REQUIRED WORK | The answer must be an exact copy of the lines from the one with "Back to my products." through the final line below, with no pictures and nothing else.

- Opening Delimiter -

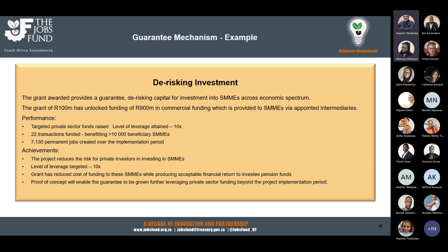In our guarantee model, a grant of 100 million rand was awarded unlocking about 900 million in commercial funding. We funded 22 sub-intermediaries and benefited about 10,000 beneficiary SMEs. The level of leverage is 10 times - very importantly, that was appropriate four years ago but may not be appropriate in current market conditions, so one has to be very careful about casting that leverage ratio in stone. The project created 7,130 permanent jobs over the implementation period.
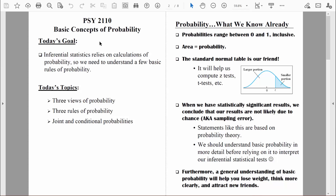Welcome back, everybody. Let's continue to talk about probability. We've already talked about three different views of probability, but in order to step up our game to the next level, we need to learn some basic rules of probability. So let's talk about those three rules next.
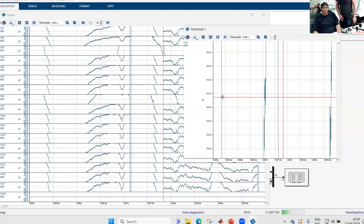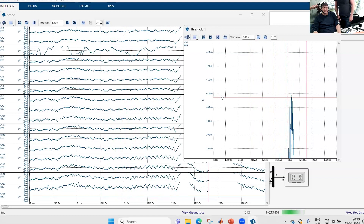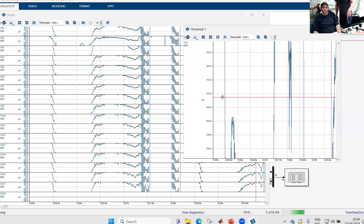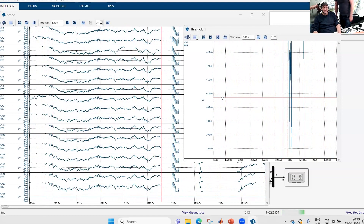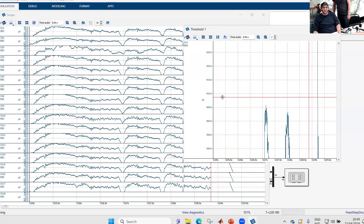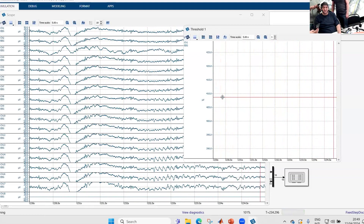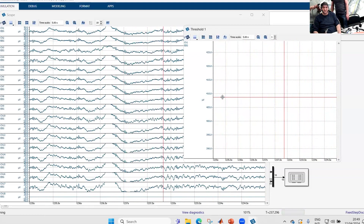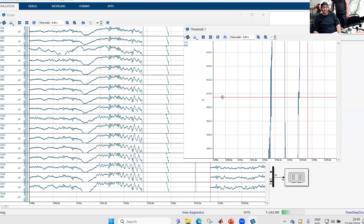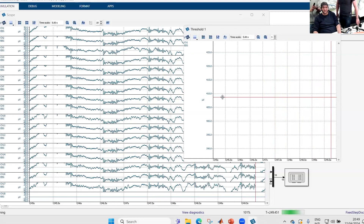Now it was stimulating again. You also see in the EEG data the stimulation artifact, and now whenever the threshold is reached the device can be triggered. The approximate delay here is around 20 milliseconds.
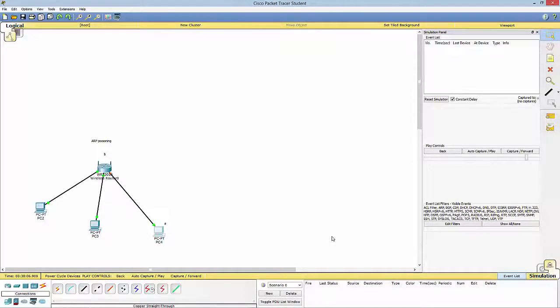I'm going to be using Cisco Packet Tracer to show you this. This is not made for this, so I'm going to have to explain portions of it — you'll have to bear with me. But as far as this hacking technique goes, it is very dangerous, and basically if someone was to do it to you, you wouldn't have known.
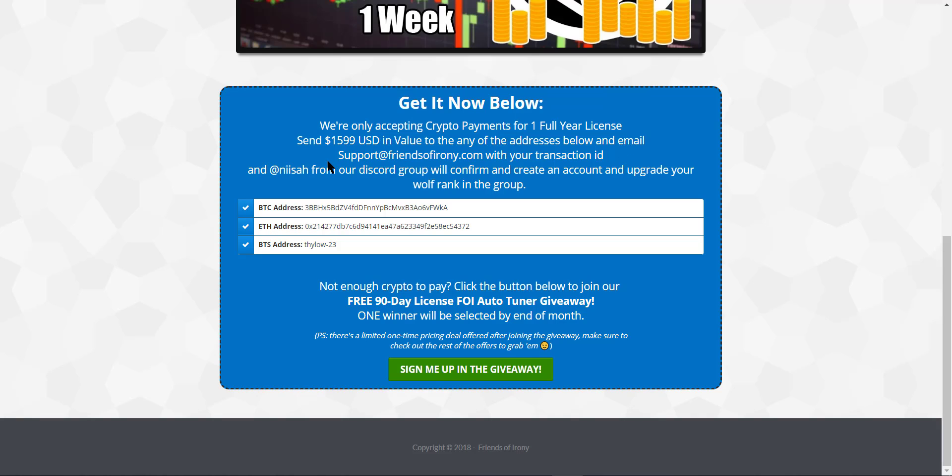So once you've made the transfer, send us an email at support@frensofirony.com with your transaction ID and your name and your email address. And we'll get back to you within 24 to 48 hours with the details on how to download your Auto-Tuner.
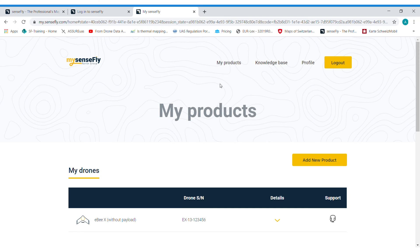Back to my products. Next to it, you would find a tab for the knowledge base where you find a lot of information about any applications or troubleshooting that you would like to know about.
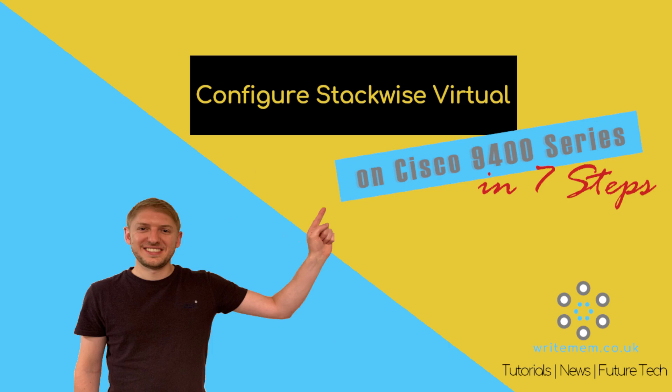Hello and welcome to this writemem.co.uk video tutorial on configuring Stackwise Virtual on the Cisco 9400 series in 7 easy steps.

- Closing Delimiter -

OUTPUT OF THE EXERCISE |
Back to my products. Next to it, you would find a tab for the knowledge base where you find a lot of information about any applications or troubleshooting that you would like to know about.
Hello and welcome to this writemem.co.uk video tutorial on configuring Stackwise Virtual on the Cisco 9400 series in 7 easy steps.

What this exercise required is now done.